On Thu, 2006-12-14 at 12:46 +0200, Avi Kivity wrote:
> Arjan van de Ven wrote:
> >> I understand one still has to write a kernel driver to shut up the irq.
> >> How about writing a small bytecode interpreter to make event than
> >> unnecessary?
> >>
> >
> > if you do that why not do a real driver.
> >
> >
>
> An entire driver in bytecode?

no a real, non-bytecode driver.


2006-12-14 10:56:32

by Avi Kivity

[permalink] [raw]
Subject: Re: Userspace I/O driver core

Arjan van de Ven wrote:
> On Thu, 2006-12-14 at 12:46 +0200, Avi Kivity wrote:
>
>> Arjan van de Ven wrote:
>>
>>>> I understand one still has to write a kernel driver to shut up the irq.
>>>> How about writing a small bytecode interpreter to make event than
>>>> unnecessary?
>>>>
>>>>
>>> if you do that why not do a real driver.
>>>
>>>
>>>
>> An entire driver in bytecode?
>>
>
> no a real, non-bytecode driver.
>
>

Isn't the whole point of uio is to avoid writing a kernel mode driver?

As proposed, it doesn't quite accomplish it.
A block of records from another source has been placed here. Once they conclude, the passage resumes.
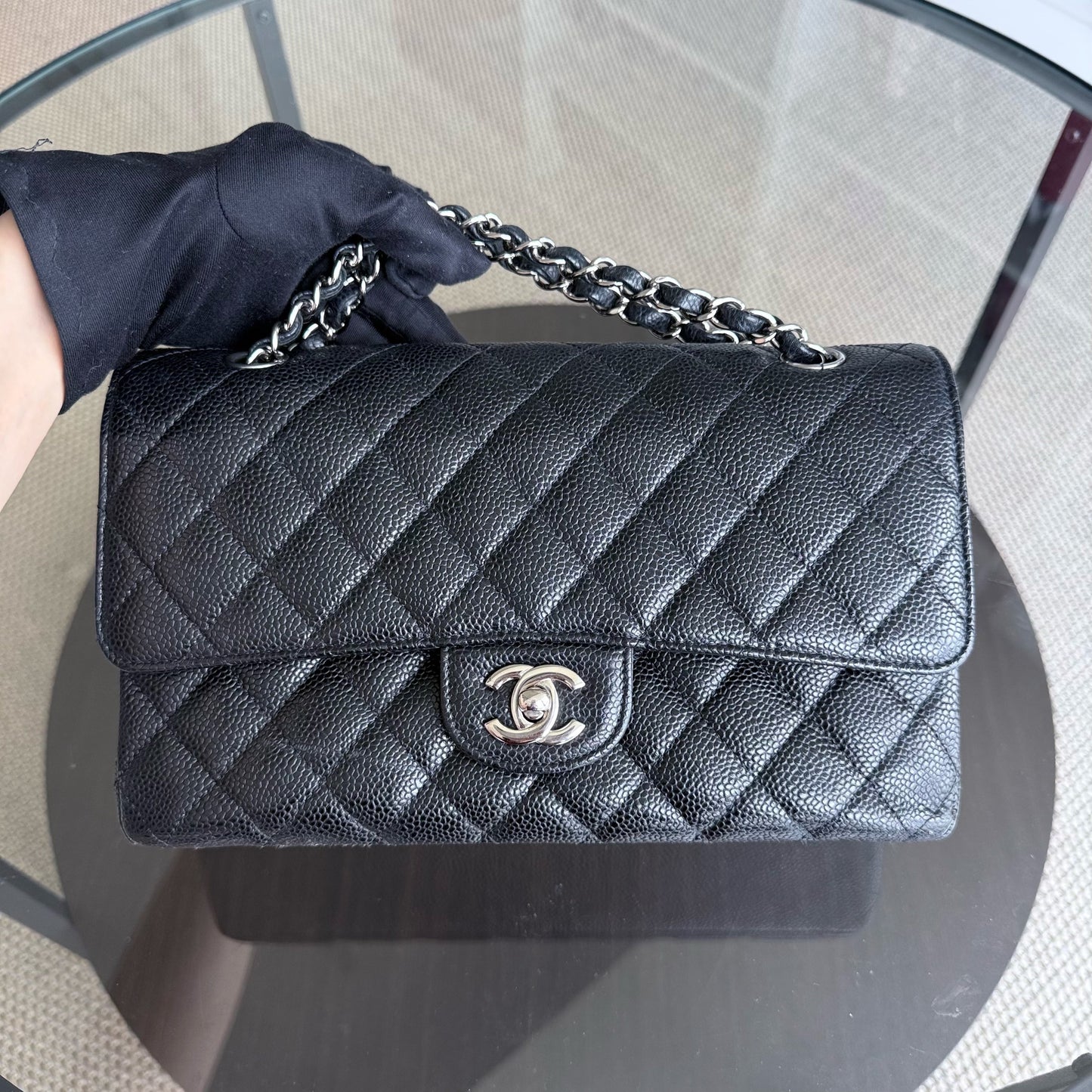 Chanel Classic Flap Medium Shoulder Bag - EworeBags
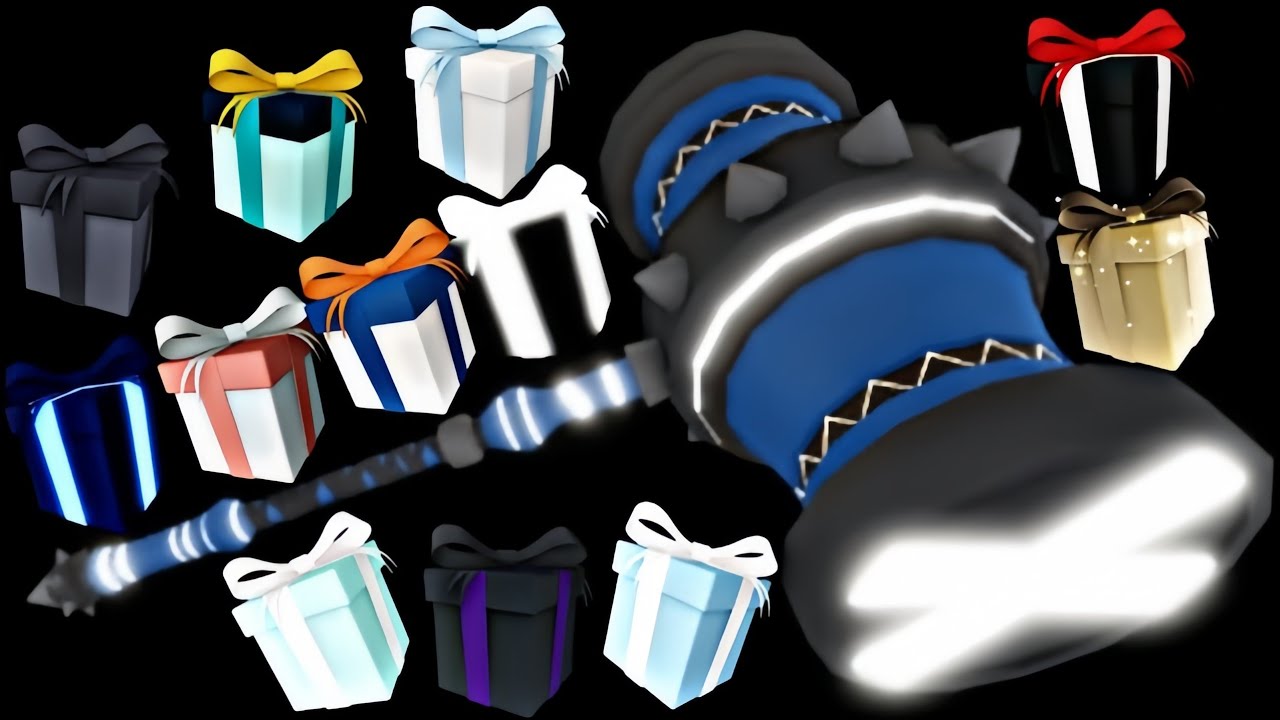 Showcase all 2023 Christmas NPC gift | Balanced Craftwars Overhaul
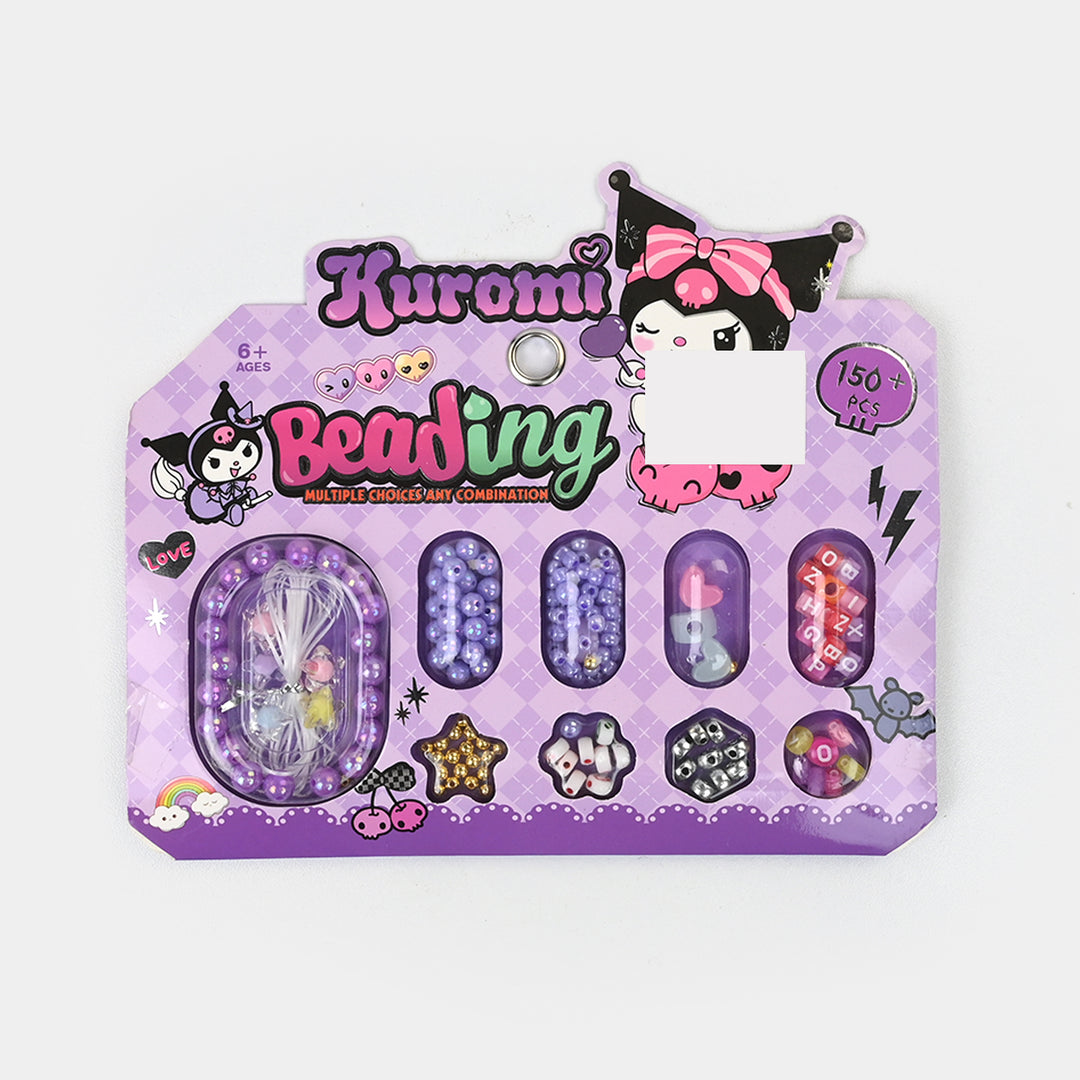 Character Beading DIY Jewelry Set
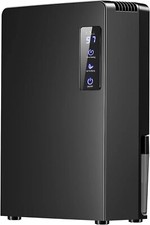 Puremate 2200ml Dehumidifier with Air Purifier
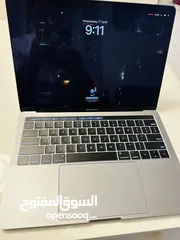  6 Macbook Pro 13 space gray late 2019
With an additional
bytecode interpreter, you can have a 100% userspace driver (the bytecode
interpreter would be part of uio, not the driver).


--
error compiling committee.c: too many arguments to function

2006-12-14 11:18:31

by Thomas Gleixner

[permalink] [raw]
Subject: Re: Userspace I/O driver core

On Thu, 2006-12-14 at 10:52 +0000, Alan wrote:
> Might be kind of hairy given uio_read() doesn't even return from the
> kernel.

We probably talk about different code here, right ? The one, I'm looking
at returns on each interrupt event.

tglx


2006-12-14 11:31:18

by Alan

[permalink] [raw]
Subject: Re: Userspace I/O driver core

On Thu, 14 Dec 2006 12:22:16 +0100
Thomas Gleixner <[email protected]> wrote:

> On Thu, 2006-12-14 at 10:52 +0000, Alan wrote:
> > Might be kind of hairy given uio_read() doesn't even return from the
> > kernel.
>
> We probably talk about different code here, right ? The one, I'm looking
> at returns on each interrupt event.

The patch Greg posted up has no return inside the while loop.

Alan

2006-12-14 11:37:20

by Hans J. Koch

[permalink] [raw]
Subject: Re: Userspace I/O driver core

Am Donnerstag, 14. Dezember 2006 12:39 schrieb Alan:
> On Thu, 14 Dec 2006 12:22:16 +0100
> Thomas Gleixner <[email protected]> wrote:
>
> > On Thu, 2006-12-14 at 10:52 +0000, Alan wrote:
> > > Might be kind of hairy given uio_read() doesn't even return from the
> > > kernel.
> >
> > We probably talk about different code here, right ? The one, I'm looking
> > at returns on each interrupt event.
>
> The patch Greg posted up has no return inside the while loop.
>

There are three breaks in that while loop, the first makes it return as
soon as an interrupt occurs.

Hans

2006-12-14 12:37:40

by Alan

[permalink] [raw]
Subject: Re: Userspace I/O driver core

On Thu, 14 Dec 2006 12:37:16 +0100
Hans-Jürgen Koch <[email protected]> wrote:

> There are three breaks in that while loop, the first makes it return as
> soon as an interrupt occurs.

Doh ignore that I misread it. Perils of reading email before midday

2006-12-14 12:37:51

by Jan Engelhardt

[permalink] [raw]
Subject: Re: Userspace I/O driver core


>The patches can be found in the -mm releases or at:
> http://www.kernel.org/pub/linux/kernel/people/gregkh/gregkh-2.6/gregkh-01-driver/uio.patch
> - UIO core
> http://www.kernel.org/pub/linux/kernel/people/gregkh/gregkh-2.6/gregkh-01-driver/uio-documentation.patch
> - UIO documentation
> http://www.kernel.org/pub/linux/kernel/people/gregkh/gregkh-2.6/gregkh-01-driver/uio-dummy.patch
> http://www.kernel.org/pub/linux/kernel/people/gregkh/gregkh-2.6/gregkh-01-driver/uio-irq.patch
> - two example kernel modules and userspace programs showing how to
> use the UIO interface.
>
>If anyone has any questions on how to use this interface, or anything
>else about it, please let me and Thomas know.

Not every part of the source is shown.